Secondly, setting aside concerns regarding the PH assumption underpinning the NMA, the authors use the outputs from the NMA to inform the estimates of OS and PFS for the other ten regimens considered within their analysis. The authors explain that “Based on the [PH] assumption, the log-logistic distribution was also used to fit and extrapolate the PFS and OS curves for the other ten treatment regimens.” Here, it is important to highlight that the selection of the log-logistic model is directly at odds with the assumption of PH. The log-logistic model is an accelerated failure time (AFT) model, and so treatment effects are assumed to impact the time ratio, not the hazard ratio. It is not possible to apply HRs to a log-logistic model (i.e., an AFT model), as described in the authors’ Eq. 5, and have the resultant model still reflect a log-logistic form, as implied by the authors: “On the basis of the derivation above, the common shape of the OS curve and the common shape of the PFS curve for the 11 treatment regimens were 1.3 and 1.7 respectively” [1].

Finally, outside the context of the estimation of relative effects, the authors make further assumptions regarding the estimation of costs and quality-adjusted life years. For example, all immunotherapies were assumed to be given to all patients with progression-free disease up until 2 years. Some patients with progression-free disease may stop treatment due to unacceptable toxicity, though this is not discussed, and some may continue beyond 2 years (either in the clinical trial or in ‘real-world’ practice). Furthermore, a utility value of 0.321 was assumed to apply for the progressed disease health state. This value is not representative of the estimates used to inform other, recent cost-effectiveness analyses in NSCLC (see, for example, Beca et al., [2021] [13] and Jiang & Wang [2022] [14]), or indeed many other cost-effectiveness studies of cancer populations (e.g., Morimoto et al. [2022] [15] in unresectable metastatic pancreatic cancer which included a post-progression utility value of 0.75) though no explanation is given for this.

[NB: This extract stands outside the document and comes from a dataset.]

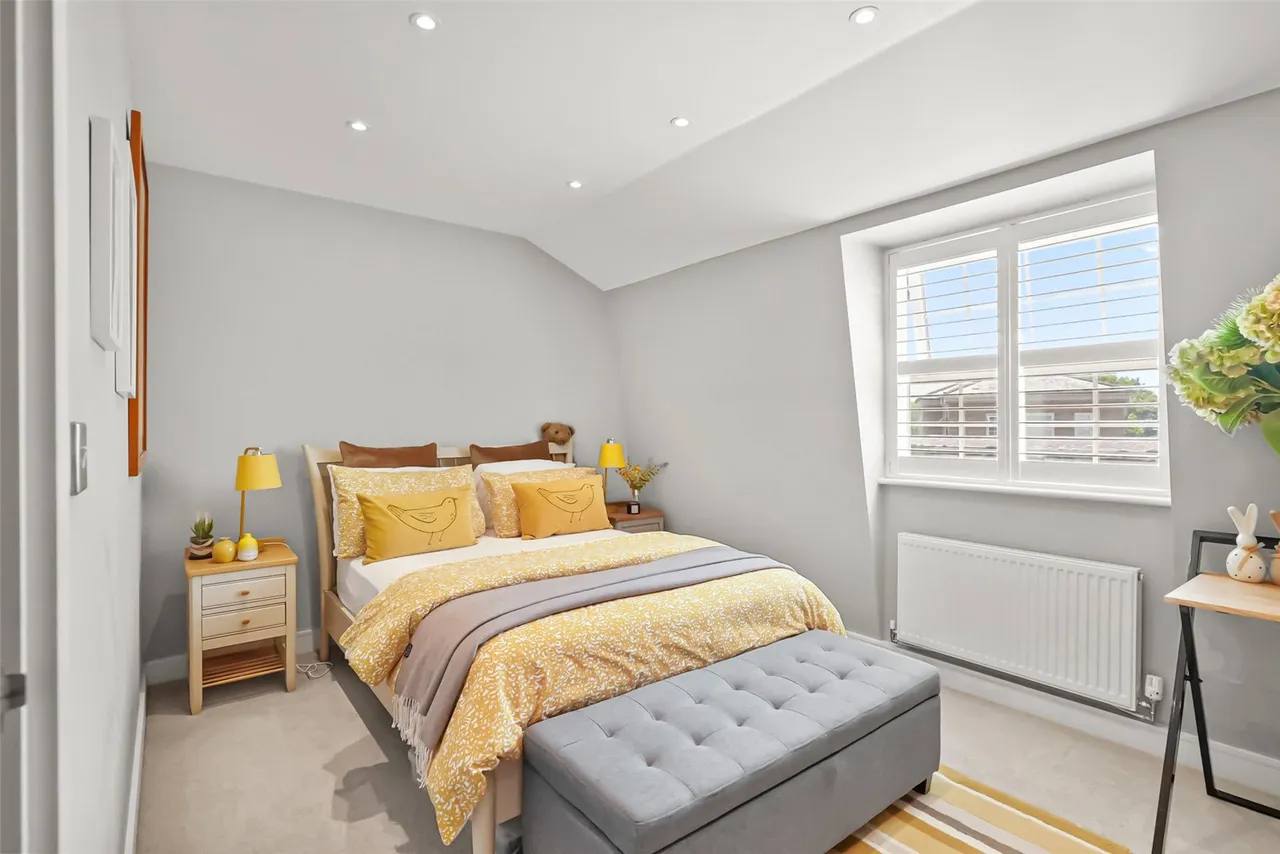 Lendy Place, Lower Sunbury, TW16 6BB, photo 15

Overall, while all modelling studies are subject to limitations, this study appears to have methodological flaws which mean that the conclusions are prone to substantial error, expected bias, and are unlikely to be reliable. We also do not believe the authors have adequately discussed some critical issues as a part of their analysis. With regards to the NMA approach, other techniques are available to consider indirect comparisons in the presence of non-PH – for example, a non-PH NMA by Herbst et al. of cancer immunotherapies versus chemotherapy for first-line treatment of patients with NSCLC and high programmed death-ligand 1 expression made use of non-PH fractional polynomial models within a Bayesian framework [16]. For the other aspects of the analysis that we highlight (related to costs and utilities), it may have been helpful to further explore the available discontinuation data from each study to determine if a 2-year stopping rule is appropriate for all cases, and alternative utility values from the literature may have been worthy of consideration – for example, Blom et al. undertook a systematic review and meta-analysis of utility values for lung cancer [17].

Regardless of the ultimate approach taken, the presence of other methodologies warrant discussion with respect to the strengths and limitations of the analyses undertaken. While it is encouraging to see research aiming to produce cost-effectiveness evidence for decision making, it is concerning that the authors reach strong conclusions regarding which regimens appear to be the most cost effective, and that the analysis serves as “evidence for pharmaceutical enterprises to properly and deeply consider the pricing strategy based on effectiveness and safety in the real-world condition” [1]. Making such claims of the basis of an analysis which lacks robustness should be caveated accordingly.